CFOs and accountants have heard the call to expand their big data analytical skills. With this newfangled know-how comes the promise to identify workplace efficiencies, evaluate prospective business opportunities and better understand customers. But this rosy perspective focuses only on the upside of big data.
A downside lurks in the disorganized and nonessential email, memos, drafts, presentations, reports and spreadsheets that lay strewn across most company networks. This surplusage can be analyzed by hostile litigators, aggressive regulators or surreptitious hackers using the same big-data techniques employed by marketing wizards. Therefore, if not properly managed, this mundane form of internal big data can significantly increase risks and raise costs. When it comes to internal company data, “less” is usually “more.” To run critical business functions and to mitigate risk, a company has to determine what data to keep and what data to delete.
The disorganized morass of nonessential files is now a critical issue for leadership, in light of rapid advancements in computer science. Complex analysis historically was limited to large databases, with their tidy tables and regular columns of numbers in uniform formats. However, big data analysts now can run complex searches across messy workplace byproduct. They can search “unstructured” information, outside formatted databases, across different file types and even in different languages.
Paul Luehr
Not surprisingly then, big data analysis has become the lifeblood of many kinds of litigation. Even the most routine employment cases often involve forensic collections of data from multiple locations (email servers, file servers, laptop hard drives, online email accounts and smartphones). Larger litigation matters take big data analysis a step farther. For example, graphic files are searchable through optical character recognition; communication patterns can be visually depicted through early case assessment tools; concept searches are being used to enhance basic keyword searches; and computer prediction models are replacing weeks of human document review.

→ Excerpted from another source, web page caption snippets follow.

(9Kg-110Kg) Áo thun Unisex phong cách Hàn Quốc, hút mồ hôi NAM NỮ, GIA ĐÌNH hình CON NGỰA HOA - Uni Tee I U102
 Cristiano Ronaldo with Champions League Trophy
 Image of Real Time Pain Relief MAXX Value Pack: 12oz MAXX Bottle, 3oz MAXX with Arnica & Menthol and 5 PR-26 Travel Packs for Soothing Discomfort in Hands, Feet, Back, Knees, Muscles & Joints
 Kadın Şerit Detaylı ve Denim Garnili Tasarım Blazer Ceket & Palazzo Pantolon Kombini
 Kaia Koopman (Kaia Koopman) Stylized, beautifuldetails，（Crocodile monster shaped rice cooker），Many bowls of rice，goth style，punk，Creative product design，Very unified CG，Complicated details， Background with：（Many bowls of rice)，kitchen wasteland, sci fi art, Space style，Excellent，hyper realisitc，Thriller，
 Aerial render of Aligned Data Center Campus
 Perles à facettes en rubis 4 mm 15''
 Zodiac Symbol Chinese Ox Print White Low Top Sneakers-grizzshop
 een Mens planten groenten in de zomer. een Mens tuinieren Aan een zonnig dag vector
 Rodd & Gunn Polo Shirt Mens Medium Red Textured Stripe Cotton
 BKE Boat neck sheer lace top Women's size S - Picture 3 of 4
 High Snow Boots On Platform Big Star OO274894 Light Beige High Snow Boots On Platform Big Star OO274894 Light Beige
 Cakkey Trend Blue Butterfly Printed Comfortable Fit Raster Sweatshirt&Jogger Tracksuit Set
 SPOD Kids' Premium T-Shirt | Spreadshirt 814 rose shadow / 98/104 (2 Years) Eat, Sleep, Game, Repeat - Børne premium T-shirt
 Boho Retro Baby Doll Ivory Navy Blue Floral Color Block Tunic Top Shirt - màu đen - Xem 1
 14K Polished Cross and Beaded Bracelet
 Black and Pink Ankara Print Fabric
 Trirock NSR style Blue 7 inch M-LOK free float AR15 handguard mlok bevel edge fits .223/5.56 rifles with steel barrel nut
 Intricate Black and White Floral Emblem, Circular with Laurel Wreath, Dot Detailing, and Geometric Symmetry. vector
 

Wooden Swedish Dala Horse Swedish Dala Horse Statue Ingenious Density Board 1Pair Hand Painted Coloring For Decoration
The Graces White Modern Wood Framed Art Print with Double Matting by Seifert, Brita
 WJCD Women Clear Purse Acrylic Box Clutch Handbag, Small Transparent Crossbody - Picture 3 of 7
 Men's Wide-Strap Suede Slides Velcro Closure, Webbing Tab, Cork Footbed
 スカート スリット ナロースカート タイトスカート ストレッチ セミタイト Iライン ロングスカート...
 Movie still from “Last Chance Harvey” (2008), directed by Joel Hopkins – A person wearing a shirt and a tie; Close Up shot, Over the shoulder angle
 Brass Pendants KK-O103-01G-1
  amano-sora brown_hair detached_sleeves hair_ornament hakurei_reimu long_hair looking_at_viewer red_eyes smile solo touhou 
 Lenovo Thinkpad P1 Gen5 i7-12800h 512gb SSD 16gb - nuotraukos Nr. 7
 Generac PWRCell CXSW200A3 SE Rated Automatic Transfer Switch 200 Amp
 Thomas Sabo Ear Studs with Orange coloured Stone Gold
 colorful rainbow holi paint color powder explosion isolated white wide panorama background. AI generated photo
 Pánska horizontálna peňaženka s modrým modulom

Federal regulators and cybercriminals, alike, have also climbed on the big data band wagon. The SEC data mines financial reports and trading accounts to find fraud and “aberrational performance.” This past winter, the head of FINRA boasted that his organization detects market abuses by monitoring almost six billion trades per day, as he said, “more ‘big data’ on a daily basis than the Library of Congress or Visa.” Meanwhile, hackers crawl large corporate networks, use complex queries to search for exposed passwords, hide among the refuse of everyday computer files and target the very same customer databases compiled by big data analysts.
In spite of these developments, many companies do not organize their data well enough to respond to subpoenas and legal discovery. In addition, because of this weakness companies often cannot tell when, how often or if they’ve been hit by a cyber attack. By hoarding mountains of unorganized, nonessential internal data, companies risk facing obstruction and spoliation of evidence charges (intentionally or negligently hiding or destroying evidence), and making themselves vulnerable to multistage cyber attacks.
Drawing a Data Map
To escape these fates, companies must create comprehensive and well-thought-out data retention and deletion policies. The process begins with the creation of a company data map. A data map tracks what information is created, where it is stored, how long it is retained and who manages it within the organization, allowing leadership to take real control of it.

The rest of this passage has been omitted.